Tuesday
Sep302008

Meager environmental benefits of a hefty carbon tax in Norway

Norway adopted in about 1990 carbon taxes that range from $16 to $65 per ton, and gasoline costs $9-10 per gallon (including a carbon tax of about $0.60). The $65 tax did induce natural gas producers to inject produced CO2 under the seabed instead of venting it to the atmosphere, but the lower tax rate on paper mills did not substantially affect how they operate. Significant reductions in the metals industry were achieved by "voluntary" agreements, not taxes. Despite these efforts, CO2 emissions have risen substantially in Norway, according to this Wall Street Journal blog post and the linked WSJ article. (The article does not make clear whether the tax rates are per ton or tonne or for C or CO2.)

So, how much will CO2 emissions have to cost in order to save the planet? I'm guessing the number is considerably higher than the carbon taxers and the cap-and-traders think reasonable and politically tolerable.

Tuesday
Sep302008

Lessons from the Great Depression and what “we” forgot

Robert Kuttner puts the current financial crisis into a 1929 perspective. Here's an excerpt.

Supposedly, 1929 could not happen again because of "what we learned." We learned that in a financial panic, the Federal Reserve needs to pour in heaps of "liquidity" -- money -- as the Fed failed to do after October 1929. One of the world's reigning experts on the Fed's failures of the early 1930s is one Ben Bernanke, and he certainly hasn't been stingy with the Fed's billions.

But the other lesson was the one "we" forgot -- not to let banks and other financial institutions turn themselves into casinos. It is helpful, in the spirit of Tonto's historic interrogatory to the Lone Ranger -- "What you mean, we?" -- to unpack that "we." The "we" who forgot the lessons included first and foremost Republican ideology -- deregulate everything and let markets run wild; secondly Bush administration regulatory officials who disdained even the regulations on the books; and third, the Wall Street Democrats who were de-regulation's willing enablers.

Sunday
Sep282008

Terms of TARP

The CBO analysis of TARP is here. Hold your nose and say OK.

Sunday
Sep282008

The dark side of financial innovation

How they explained it:

Mortgage backed securities reduce risk by spreading it throughout the financial system.

How they built it:

Highly integrated systems are more subject to catastrophic failure than are compartmentalized systems. The total risk was not reduced. It was increased and partially externalized. Congress is expected to continue socializing the costs tomorrow. 

Friday
Sep262008

The other “i” word in the financial crisis

It is likely that some holders of large amounts of mortgage backed securities ("MBS") are not only illiquid, but will also be insolvent if (as they are required to do) they mark their MBS holdings down to "market value" in their quarterly financial statements. No doubt there is a great deal of anxiety about how to value illiquid assets, especially because, under Section 302 of Sarbanes-Oxley, CEOs and CFOs have to sign personal certifications of quarterly financial statements.

Many financial institutions have quarters ending September 30, but investment banks (and others?) traditionally have fiscal years ending in November and for them the third quarter ended August 31. Reports to the SEC are due 40-45 days after the end of a quarter and many companies have a track record of announcing earnings sooner.
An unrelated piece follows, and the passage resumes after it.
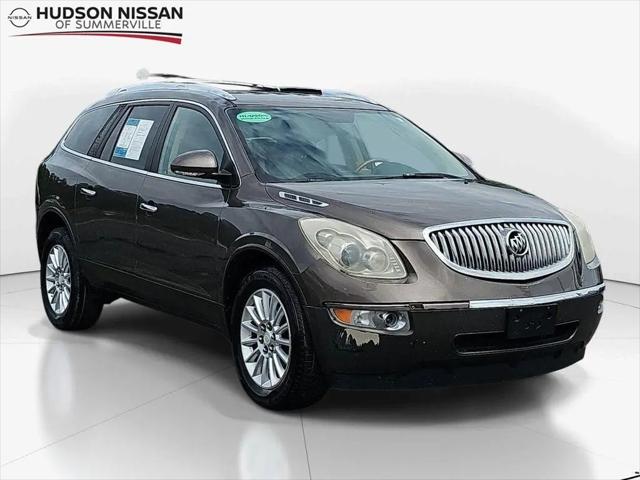 2011 Buick Enclave 1XL for sale in Summerville, SC
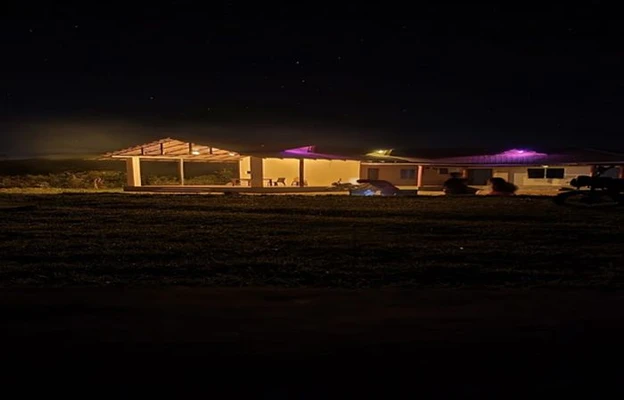 Homestay in banakal hobli devaramane, chikmagaluru for 20 Members - malekaadu retreat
Thus, early October and early November are critical periods in the financial crisis.

Incidentally, when I Googled "Paulson Plan insolven" all of the top hits were in foreign media and blogs, for example this hard-hitting piece in Rupert Murdoch's The Australian. Two US economists frankly call it a "solvency crisis" and propose a solution that addresses insolvency as well as liquidity, but their excellent piece appeared in the Financial Times blog, not mainstream media.

Thursday
Sep252008

Unbelievable!

The Republican Study Committee solution to the financial crisis: A 2-year moratorium on capital gains taxes to encourage the sale of toxic assets on which the holders would recognize capital LOSSES. You can't make this stuff up.

Thursday
Sep252008

Is $700 billion spit in the ocean?

The essence of the Paulson Plan is that Treasury, using $700 billion of taxpayer money, will become just another investor in a $7.4 trillion market for mortgage backed securities, as Andrew Jakabovics of the Center for American Progress points out here. If that's a fair characterization of the problem, as it seems to be, it's hard to believe injecting 10% new cash will solve it, especially since the revised Paulson Plan would also allow purchase of some toxic assets that are not MBS.

As Jakabovics points out, MBS are not the problem per se. The problem is that many underlying mortgages are in default, and even the middle tiers of MBS can't be evaluated without reliable estimates of how the mortgages themselves will perform.

Jakobovics suggests Treasury buy up all the tranches of MBS and the servicing rights for particular groups of mortgages and then renegotiate mortgages that can be saved. This is similar to the Paisley (also at Center for American Progress) proposal I mentioned here. I can't imagine how real people in the real world with finite budgets and finite schedules could do that. It seems to me much more practical to revise the bankruptcy code to allow judges to cram down revised mortgage terms. This way, the only mortgages that would have to be looked at would be those of folks willing to file bankruptcy and able to show the ability to pay a renegotiated debt larger than the estimated realization from foreclosure. The financial industry should welcome this, but it turns out they hate it. I don't know why.

Thursday
Sep252008

If the taxpayers give better terms to troubled financial institutions than Warren Buffett would, things will get worse instead of better.

Warren Buffett's Berkshire Hathaway will invest $5 billion into Goldman Sachs in exchange for cumulative preferred stock paying a 10% dividend and 5-year warrants that would allow Berkshire to buy $5 billion of common shares at $115 per share (which is $10 below the current market price), according to this story. Goldman is pretty healthy, as evidenced by its share price, but even so it had to pay a pretty high price for this new capital.

If the taxpayer bailout plan being negotiated in Washington offers better terms to troubled financial institutions than Berkshire or other cash-rich firms and funds will offer, the flow of private money into these firms will stop. Instead, all of the troubled firms, and many that are not troubled, will run to Uncle Generous for an injection of cheap capital. In other words, any taxpayer bailout plan would be in competition with private investors, and if the taxpayer plan is too generous it will completely displace private investment. Not what we should want.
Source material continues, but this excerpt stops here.